Stored data:
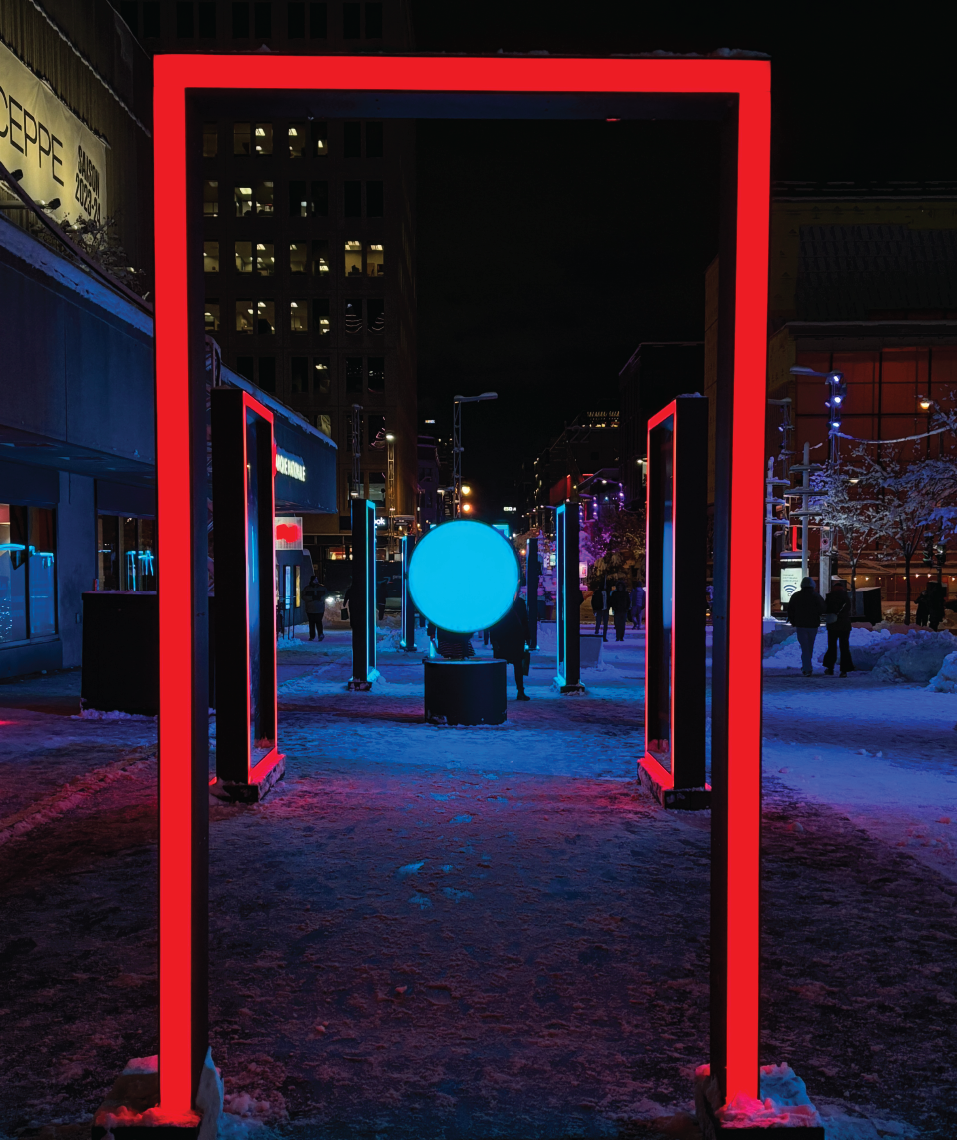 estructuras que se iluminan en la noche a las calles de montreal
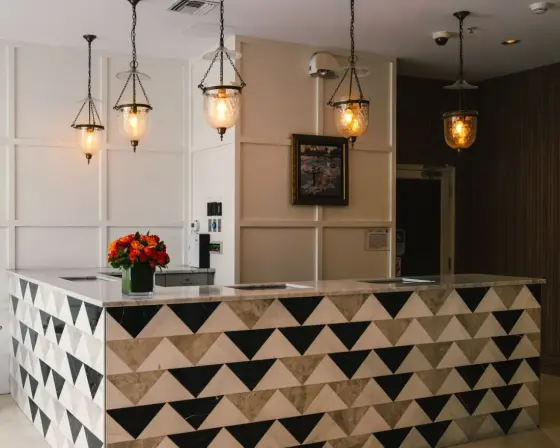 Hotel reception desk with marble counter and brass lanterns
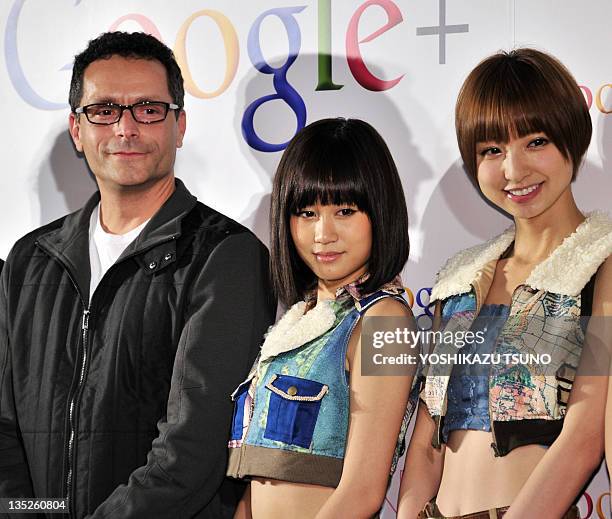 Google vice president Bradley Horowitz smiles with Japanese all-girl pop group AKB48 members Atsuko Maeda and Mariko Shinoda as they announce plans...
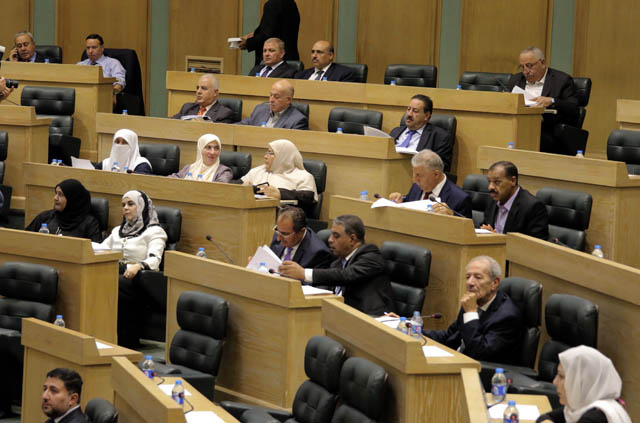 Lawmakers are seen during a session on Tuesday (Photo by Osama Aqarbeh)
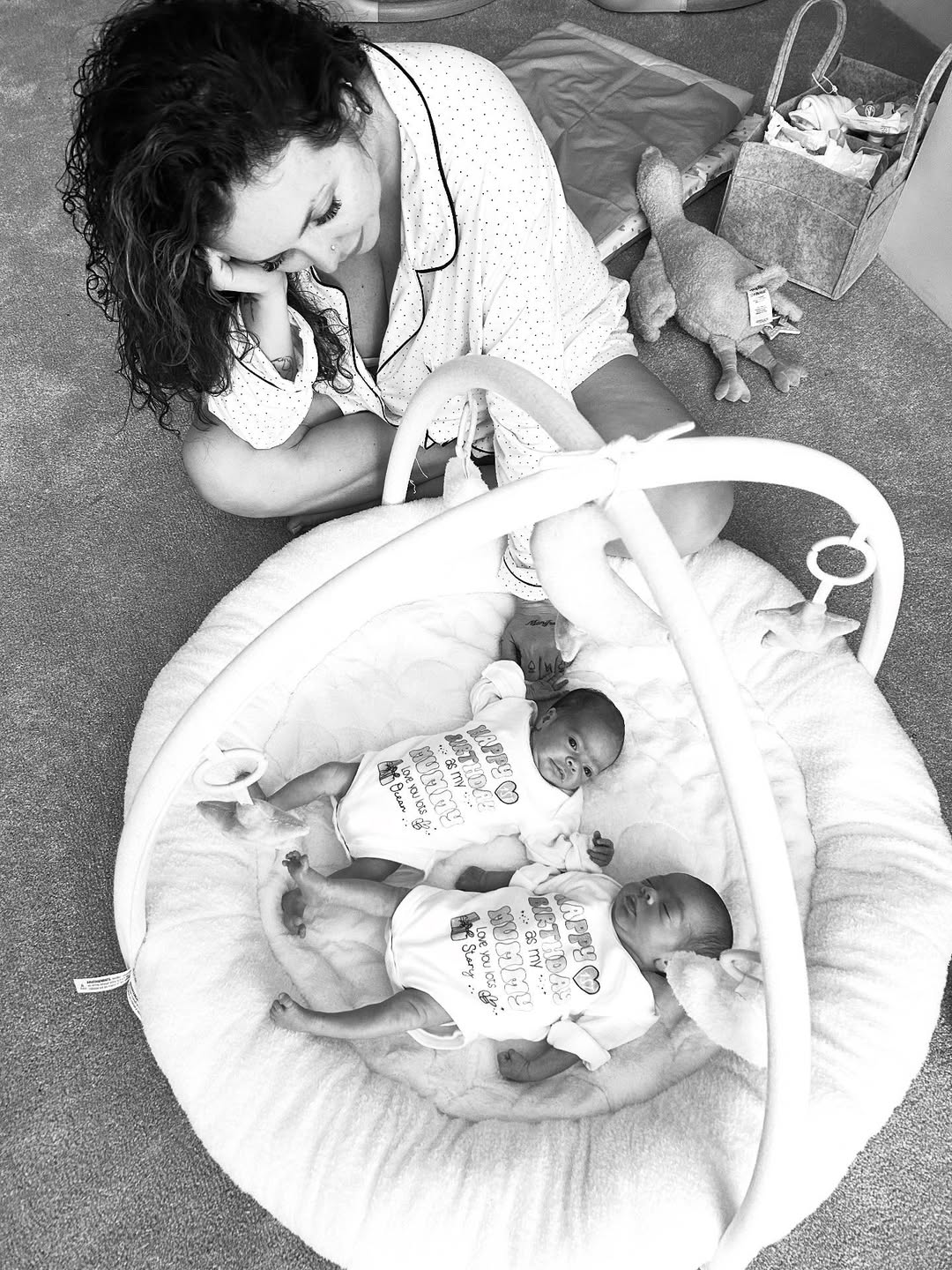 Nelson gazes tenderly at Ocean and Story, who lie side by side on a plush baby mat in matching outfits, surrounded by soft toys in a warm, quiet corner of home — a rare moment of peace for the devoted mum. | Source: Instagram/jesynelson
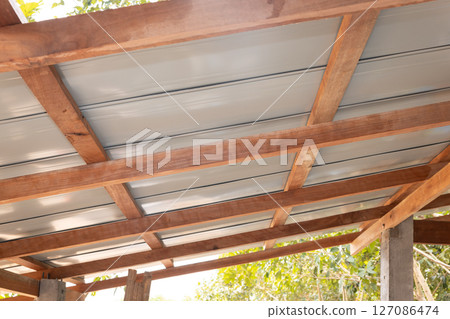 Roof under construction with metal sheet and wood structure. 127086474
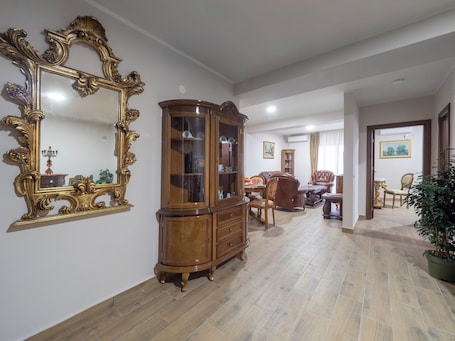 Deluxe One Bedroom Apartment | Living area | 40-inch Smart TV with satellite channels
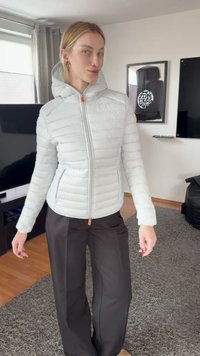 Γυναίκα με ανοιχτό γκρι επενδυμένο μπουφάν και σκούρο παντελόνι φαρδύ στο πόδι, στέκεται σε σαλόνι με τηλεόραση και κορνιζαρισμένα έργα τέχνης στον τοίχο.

---

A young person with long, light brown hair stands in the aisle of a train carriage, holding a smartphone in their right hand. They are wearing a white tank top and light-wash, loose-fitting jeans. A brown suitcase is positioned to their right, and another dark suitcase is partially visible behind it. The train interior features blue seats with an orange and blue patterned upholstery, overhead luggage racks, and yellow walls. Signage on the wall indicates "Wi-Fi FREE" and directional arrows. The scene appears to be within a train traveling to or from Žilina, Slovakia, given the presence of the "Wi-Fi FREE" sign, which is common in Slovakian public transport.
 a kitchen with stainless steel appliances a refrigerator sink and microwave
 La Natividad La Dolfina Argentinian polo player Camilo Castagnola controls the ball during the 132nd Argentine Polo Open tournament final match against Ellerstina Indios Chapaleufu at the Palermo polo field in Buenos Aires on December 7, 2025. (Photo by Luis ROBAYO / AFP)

Problem to work on: In the listing above, find the line with "Google vice president" and the line with "Lawmakers are seen". Copy both of them and every line between, exactly, but not the pictures.

Exercise solution:
 Google vice president Bradley Horowitz smiles with Japanese all-girl pop group AKB48 members Atsuko Maeda and Mariko Shinoda as they announce plans...
 Lawmakers are seen during a session on Tuesday (Photo by Osama Aqarbeh)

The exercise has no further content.